We frequently have FSAnalyze failures, and I have no idea where to even start to dig here.  As a result, our InsightIQ is very well utilized.

Where should we start to look?

4 Posts

October 16th, 2013 00:00

Faults have been reported by the cluster - the FSAnalyze job fails.Capture.JPG.jpg

We use the EMC provided InsightIQ virtual appliance, and we have no problems with it.

We are running OneFS 7.0.1.1

October 16th, 2013 00:00

Could you clarify if you are seeing faults as reported by the cluster (FSAnalyze job) and/or as reported by InsightIQ?  Also, what version of OneFS and InsightIQ?

I simply wanted to note a common issue that is frequently encountered related to File System Analytics.  When FSA is enabled within InsightIQ (per monitored clustered), to generate FILE SYSTEM REPORTING output the InsightIQ virtual appliance/server *must* be able to mount the following directory on the cluster(s) via NFS:

/ifs/.ifsvar/modules/fsa

Sometimes the InsightIQ server is unable to and some common reasons are:

1) The default /ifs export was deleted or locked down but a refined export not created for fsa

By default there is an /ifs export that is not limited to any specific host (Clients field is blank) and "Mount access to sub-directories" is ENABLED. these (insecure) defaults are what allows it to ultimately mount the fsa folder.  Now, (rightfully so) security conscious users will either delete it outright or maybe lock it down to a specific (mgmt) host. 

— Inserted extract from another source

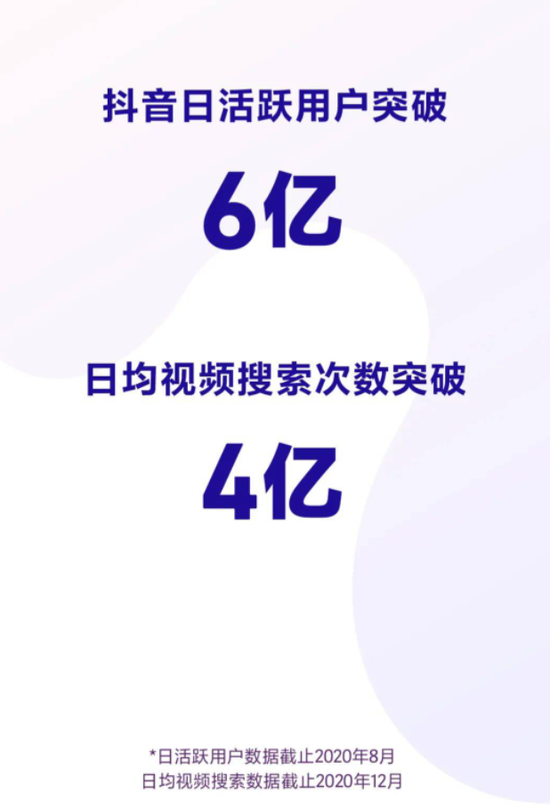 图源：2020抖音数据报告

As for what I personally see frequently, especially in an all SMB environment, users are deleting the export or some may even disable the NFS service altogether unaware that it is required for InsightIQ File System Analytics.  Keep in mind, when enabled, statistics are still gathered as FSAnalyze is a daily job on the cluster, but being unable to mount the fsa folder via NFS prevents you from generating any such reports.

While not wrong and definitely recommended to *not* keep the /ifs export as-is, on behalf of InsightIQ FSA, you will want to create one as follows:

NOTE:

1) Under "Clients" in the screenshots below, 1.1.1.1 represents the IP of the InsightIQ mgmt IP

2) You will need to type in the path.  If you try to "Browse...", .ifsvar doesn't appear in the GUI.

v7.0.1.x

v701.png

v7.0.2.x

v702.png

On the InsightIQ server, if you log in and issue the following command:

$ mount

You should see an entry (as a result of autofs) similar to the following:

2.2.2.2:/ifs/.ifsvar/modules/fsa on /net/2.2.2.2/ifs/.ifsvar/modules/fsa type nfs (rw,nosuid,nodev,intr,sloppy,addr=2.2.2.2)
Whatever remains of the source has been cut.